Must have been some dam fuzzy math.


----------



## cnsper

Well I can give you an example of where the diesel will be almost 1/2 the cost. When I run into town I have a 82 dodge w150 shortbed 4x4 and I can get about 12 mpg out of that wonderful 318. Now that takes about 8 gallons round trip for the 100 miles total. Now that is equal to $24. A cummins that gets roughly 25 mpg will cost me $13.94. There is no question which one I would rather drive.

As for working on them, all I will ever have is the older ones. I used to have a 6.2 gmc and was told I needed to have them replace the injector pump. I could not afford it so I got out my sockets and coffee can and went to work. Got it all put back together and fired her up. No one told me I had to bleed the injectors until after I was driving it and it never missed a beat.

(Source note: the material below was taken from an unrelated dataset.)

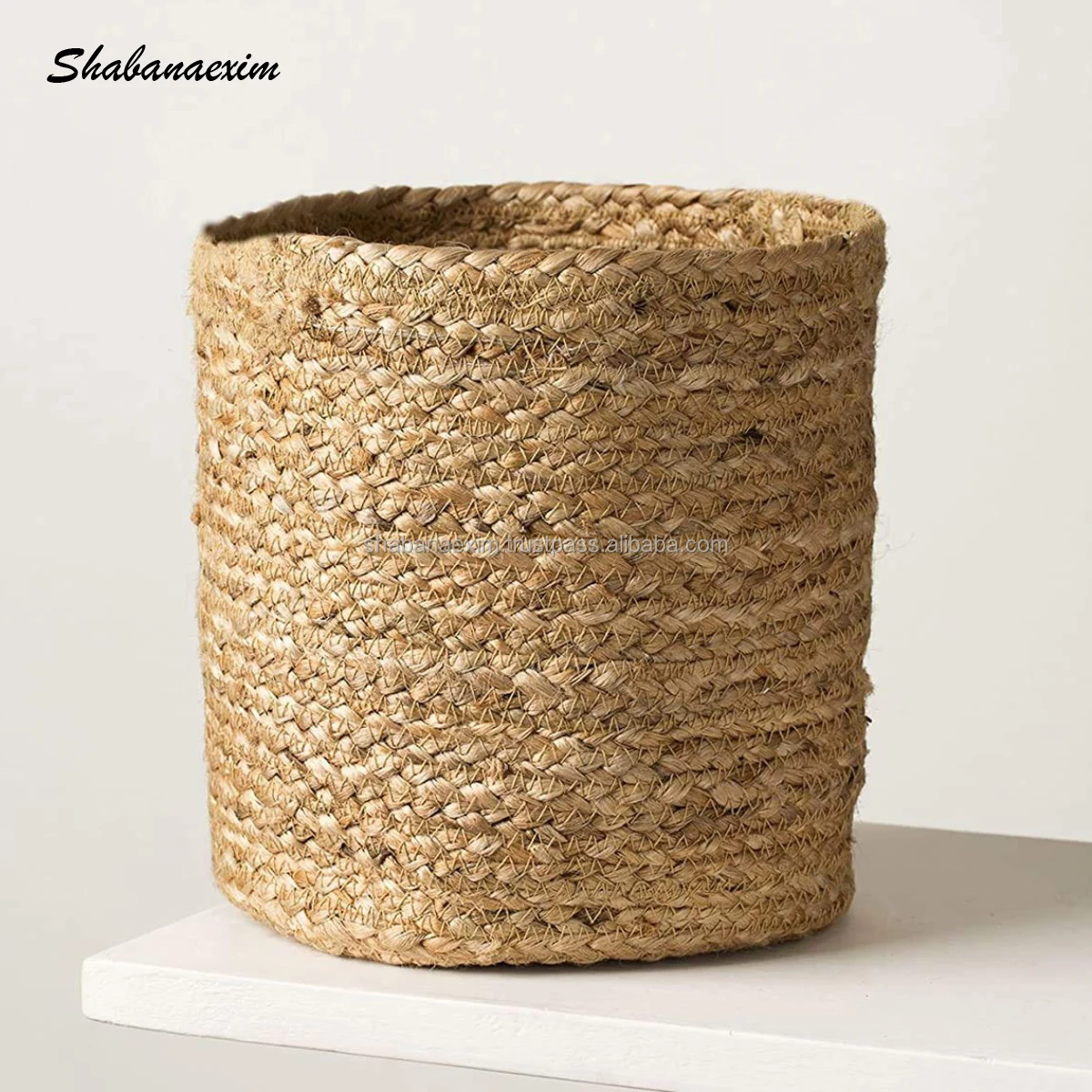 Jute Storage Basket Set With Handle Tassel For Living Room Decor Cotton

I know of a guy that traded a cummins for a gas because he was tired to paying for the cost of diesel. We have to keep his hammers hidden so he does not knock himself in the head.


----------



## overbore

*Jumpin In*

Since I am the first owner of a 1981 MB turbo diesel, a 1995 4X4 Cummins 12 valve3/4T Dodge, a single cylinder Listeroid 1,000 rpm generator and have operated a Perkins turbo 6 on my boat plus the Westerbeke 3 cylinder gen set, I feel I have some experience with diesels.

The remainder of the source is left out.